WHAT THE TASK REQUIRES: Write out the listing from the line with "Gruytoie Wall Cue" to the line with "Flower Cluster Rounded", both lines included, exactly and nothing beyond. Leave pictures out.

MATERIAL FOR THIS EXERCISE:
***

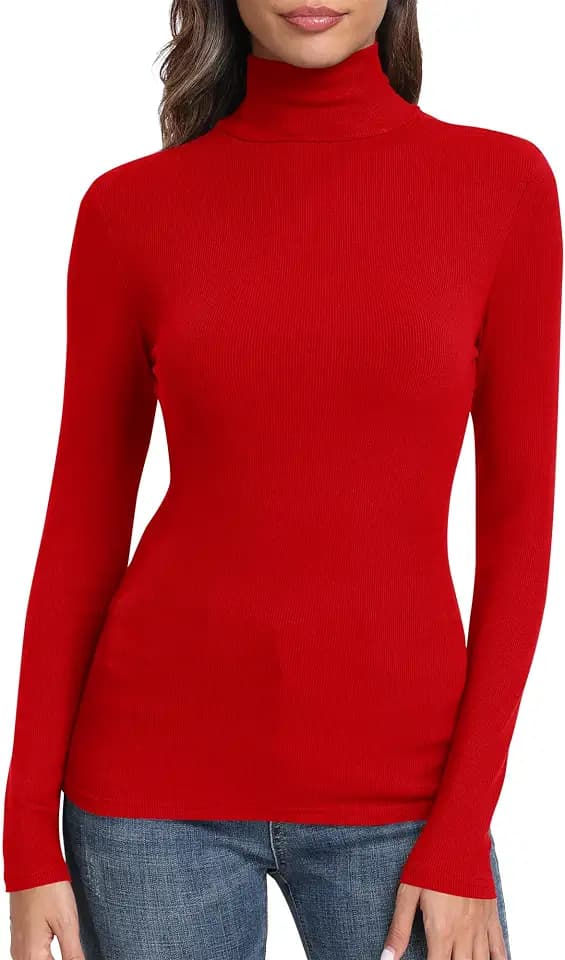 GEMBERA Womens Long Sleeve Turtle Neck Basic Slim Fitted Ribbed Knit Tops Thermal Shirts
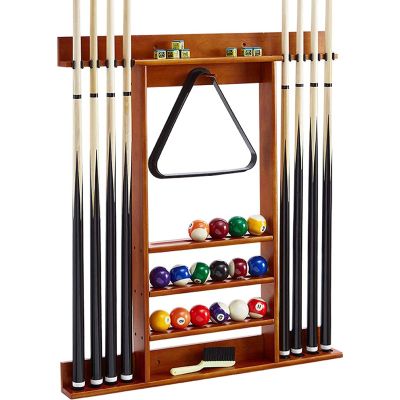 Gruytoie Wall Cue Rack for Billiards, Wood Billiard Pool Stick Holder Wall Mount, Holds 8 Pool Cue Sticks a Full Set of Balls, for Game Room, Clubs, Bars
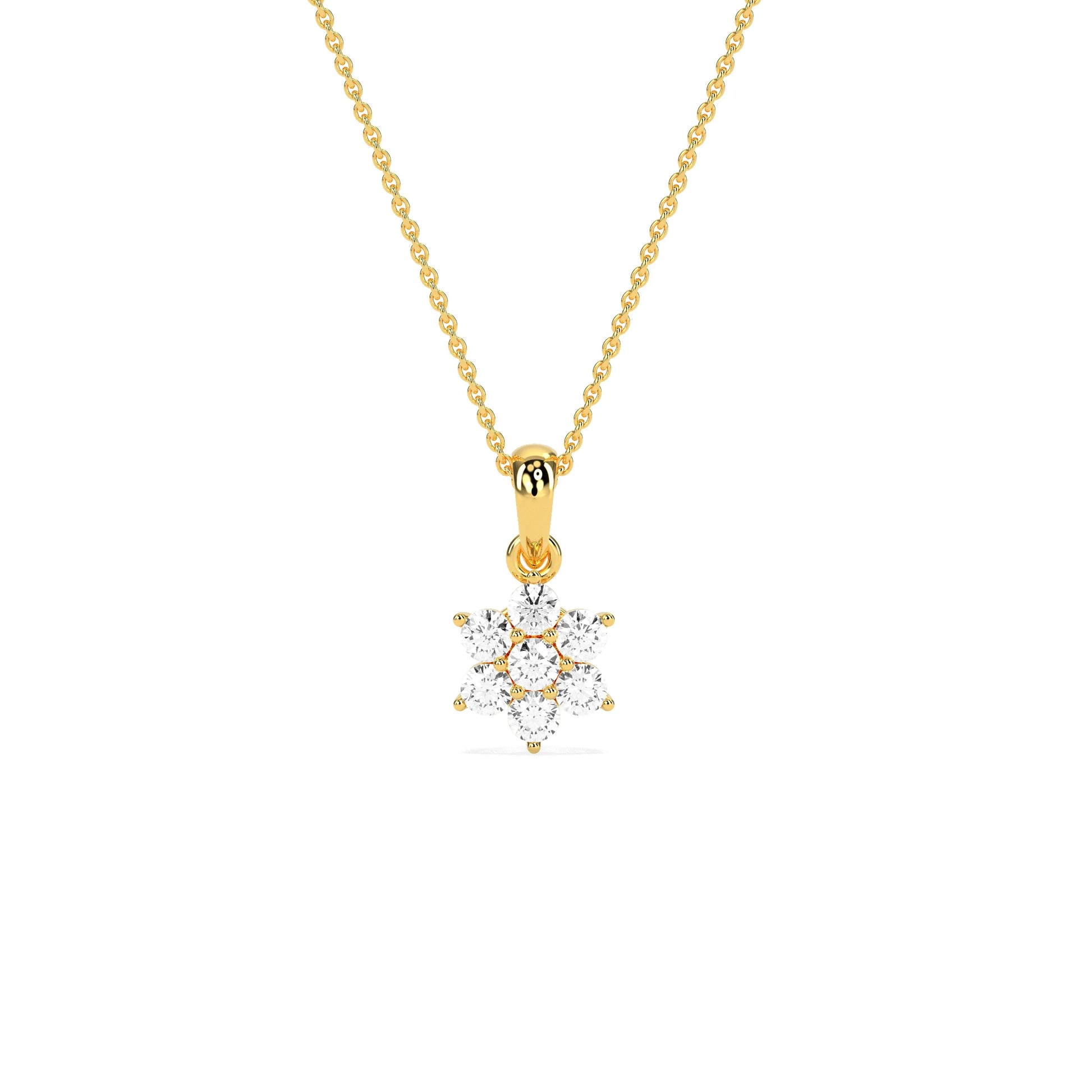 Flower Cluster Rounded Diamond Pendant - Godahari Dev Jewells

***

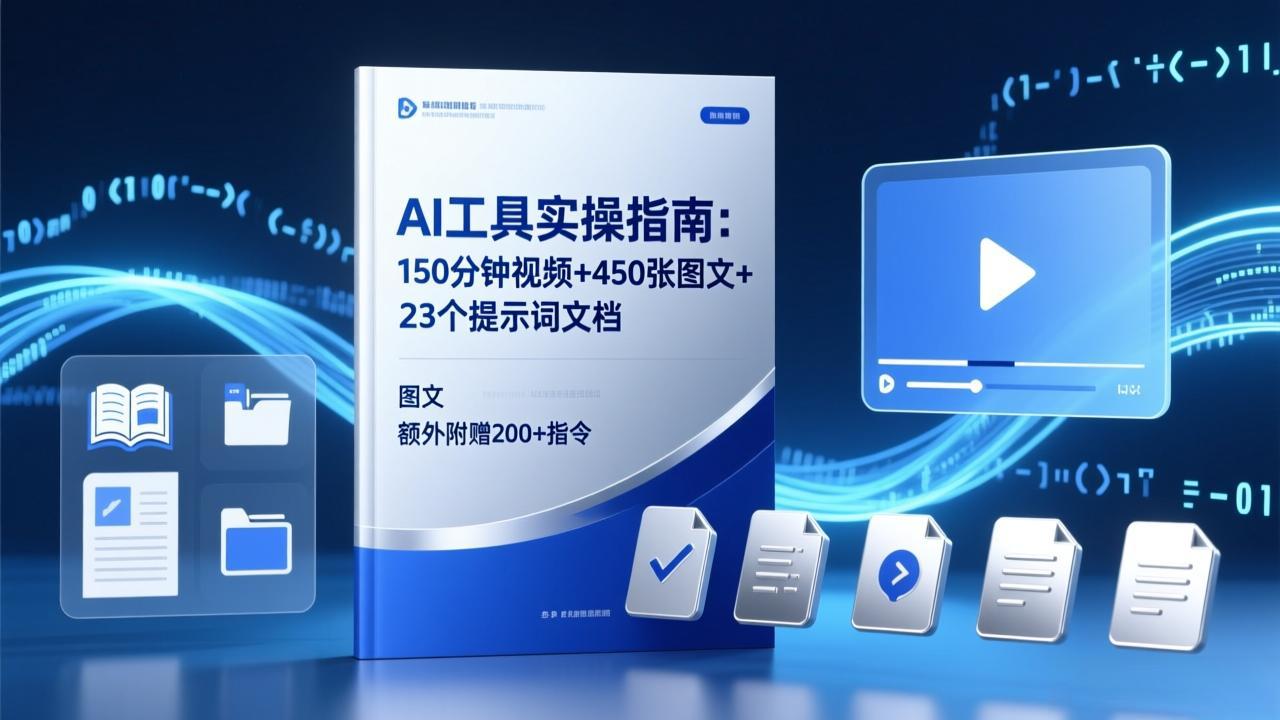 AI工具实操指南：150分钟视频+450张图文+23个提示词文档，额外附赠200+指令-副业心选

***

SOLUTION BELOW:
 Gruytoie Wall Cue Rack for Billiards, Wood Billiard Pool Stick Holder Wall Mount, Holds 8 Pool Cue Sticks a Full Set of Balls, for Game Room, Clubs, Bars
 Flower Cluster Rounded Diamond Pendant - Godahari Dev Jewells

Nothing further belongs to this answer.